The Red Sox carry home field advantage through the Fall Classic, so Games 1 and 2 will be played at Fenway Park — as well as Games 6 and 7, should those become necessary. Depending on the outcome of NLCS Game 7 later tonight, World Series Games 3 through 5 will be played at Dodger Stadium or Miller Park. That’s when Betts might take over the keystone from Ian Kinsler and Brock Holt, both of whom have shared second base duties over the course of the 2018 postseason.

The idea isn’t without merit. Betts and Martinez comprise two of the team’s top talents at the plate and, should the Red Sox need to stave off elimination in Games 4 and 5, sitting either of them doesn’t make sense. The 26-year-old Betts led the team with a staggering .346/.438/.640 batting line, 32 home runs, 30 stolen bases, and career-best 10.4 fWAR over 614 PA, while Martinez posted some career totals of his own, slashing .330/.402/.629 with 43 home runs, a 1.031 OPS, and 5.9 fWAR in 649 PA. This wouldn’t be the first time Betts has taken reps at second, either, as he’s logged 15 games at the position over the course of his five-year career, most recently during a 4-1 win over the Yankees in August.

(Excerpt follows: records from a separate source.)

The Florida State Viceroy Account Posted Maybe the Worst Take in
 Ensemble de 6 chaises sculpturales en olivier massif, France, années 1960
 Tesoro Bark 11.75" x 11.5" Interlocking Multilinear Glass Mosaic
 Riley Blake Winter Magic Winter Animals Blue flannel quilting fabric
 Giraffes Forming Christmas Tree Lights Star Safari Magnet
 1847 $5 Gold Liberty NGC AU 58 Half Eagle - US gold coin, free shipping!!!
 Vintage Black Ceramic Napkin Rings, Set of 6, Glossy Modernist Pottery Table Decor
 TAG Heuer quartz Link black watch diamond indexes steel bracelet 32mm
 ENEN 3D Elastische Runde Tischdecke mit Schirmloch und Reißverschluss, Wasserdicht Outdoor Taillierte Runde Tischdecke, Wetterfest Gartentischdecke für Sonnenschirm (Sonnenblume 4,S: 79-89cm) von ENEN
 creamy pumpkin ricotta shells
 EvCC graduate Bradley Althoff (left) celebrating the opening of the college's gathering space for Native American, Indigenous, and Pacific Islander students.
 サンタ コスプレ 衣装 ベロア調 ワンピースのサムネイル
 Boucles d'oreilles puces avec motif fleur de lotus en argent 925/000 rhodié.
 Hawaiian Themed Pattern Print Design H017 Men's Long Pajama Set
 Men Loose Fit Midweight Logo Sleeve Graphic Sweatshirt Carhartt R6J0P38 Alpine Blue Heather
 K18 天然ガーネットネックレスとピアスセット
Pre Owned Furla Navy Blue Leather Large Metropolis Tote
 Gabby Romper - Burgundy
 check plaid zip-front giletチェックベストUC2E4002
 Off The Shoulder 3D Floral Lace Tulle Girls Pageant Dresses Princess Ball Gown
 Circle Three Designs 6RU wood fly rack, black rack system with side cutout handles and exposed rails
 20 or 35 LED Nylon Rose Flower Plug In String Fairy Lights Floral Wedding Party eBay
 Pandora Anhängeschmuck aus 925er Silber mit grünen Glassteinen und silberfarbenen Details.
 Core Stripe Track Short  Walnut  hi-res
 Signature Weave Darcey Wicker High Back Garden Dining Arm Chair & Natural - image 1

Whether or not Betts is considered a lock for all three games is another question, one to which Cora didn’t give a definite answer. “I don’t know, man,” the skipper told reporters Saturday. “[Betts] already played second during the regular season, so there’s always a chance, I guess.” He later added that while Betts would be taking ground balls at second, it’s part of the routine he’s maintained all year — so nothing should be read into it until a clear decision has been announced.